You might wonder how business owners can find themselves that deep in the sale process without an understanding of its basic financial structure. That mystery is second only to the mystery of how not one of James’s advisors had ever asked him (a 63-year-old owner) if he were thinking about one day leaving his business. Not one advisor ever asked what actions James had taken to prepare for that day or whether they could help.
Advisors trained in Exit Planning do ask owners questions because fundamental Exit Planning encompasses third-party sales and all of the other Exit Paths that an owner might take to exit (a transfer to children, a sale to co-owners or children, or a sale to an Employee Stock Ownership Plan). To distinguish fundamental Exit Planning from the planning advisors do for owners anticipating a sale to a third party, we call the latter pre-sale planning.
Who Should Ask About Pre-Sale Planning
Advisors who don't specialize in M&A often ask themselves, “Why should I become involved in an owner’s pre-sale planning?” The answer is simple: Few other advisors are asking even a single question about it. If advisors don’t proactively reach out to owners, owners will do nothing to prepare: They don’t know what to do or whom to ask for help. Simply asking owners what their plans are for leaving their businesses is vital to their success and the advisor's first step to becoming involved in their planning. Of course, once advisors have taken that step, it’s important to understand the Exit Planning Process as it relates pre-sale planning.
When owners schedule a meeting to talk to their advisors about selling their businesses to an outside buyer, they usually do so because a potential buyer has approached them. They may already have signed a confidentiality agreement or even a Letter of Intent to sell their company. They want advice on how to proceed or perhaps for their advisor to look over the proposed documents to “make sure everything is alright” before they sign. At this point, it is usually too late to back up and start at the beginning of the planning process.

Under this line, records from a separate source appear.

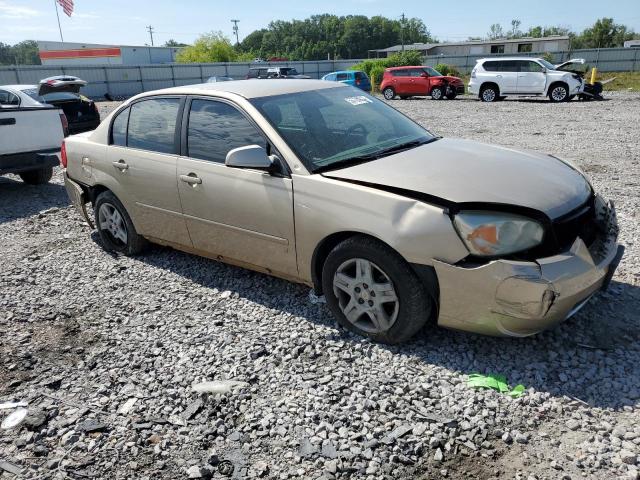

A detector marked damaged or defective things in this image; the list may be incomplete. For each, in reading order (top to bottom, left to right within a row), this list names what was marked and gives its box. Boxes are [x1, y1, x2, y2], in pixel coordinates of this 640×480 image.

damaged chevrolet malibu [62, 79, 624, 342]
crushed front bumper [432, 197, 624, 336]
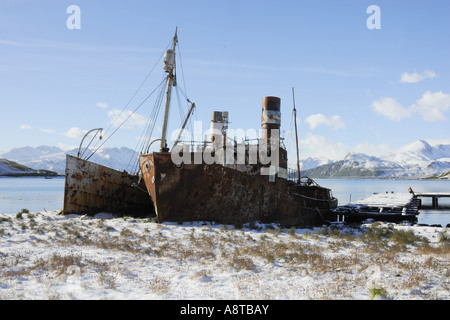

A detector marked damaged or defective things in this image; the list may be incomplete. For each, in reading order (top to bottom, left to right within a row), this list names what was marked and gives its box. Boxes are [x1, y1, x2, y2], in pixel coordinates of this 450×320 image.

rusty shipwreck [63, 28, 338, 226]
rusted metal hull [63, 154, 155, 216]
rusted metal hull [139, 152, 336, 225]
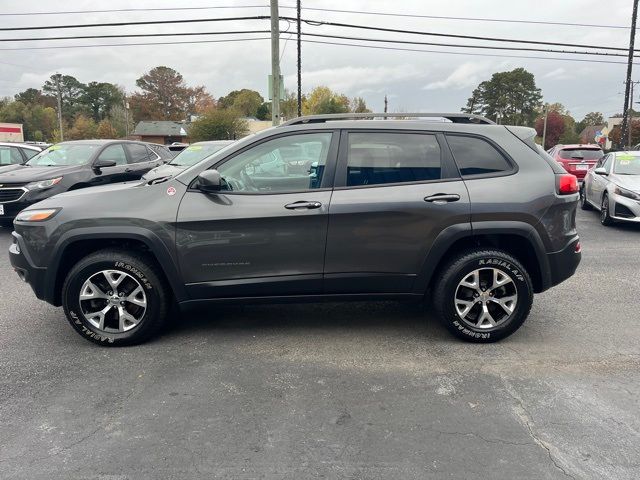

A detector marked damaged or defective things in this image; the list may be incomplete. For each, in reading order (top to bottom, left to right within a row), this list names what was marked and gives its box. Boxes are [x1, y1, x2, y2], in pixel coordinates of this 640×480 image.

It’s important for advisors to reach out to owners and prospects now to educate them about the merits of pre-sale planning. The greatest benefit is that planning in advance of a buyer’s offer allows owners to first assess how large a future offer must be to meet their wants and needs. If they wait until an offer is tendered, they have neither time nor money to devote to growing business value and cash flow.
The first steps in pre-sale planning are identical to Exit Planning but differ in some important details.
- The advisor and the owner must articulate and understand the owner’s values-based goals. There’s more to an exit than cashing out and moving on. Advisors may need to dig to determine whether any of the values-based goals (e.g., culture, community, or legacy) are important to the owner. If they are, advisors must help owners realize that a sale to an outside party may not achieve those goals.
- It is vital that owners know, before going to market, what the market considers the business to be worth. Advisors who are not investment bankers or business brokers must recruit and work with those members of the Advisor Team to assign an accurate valuation.
- When and owner wants to sell to a third party, advisors must walk them through the tax impact and other purchase price reductions that nibble (or devour) sale proceeds, which is what happened to James Padgett from the previous article.
Pre-sale planning prepares owners before:
- Going to market and entering the sale process.
- Spending significant money, time, and emotional energy without assurance that the sale can achieve all of their goals.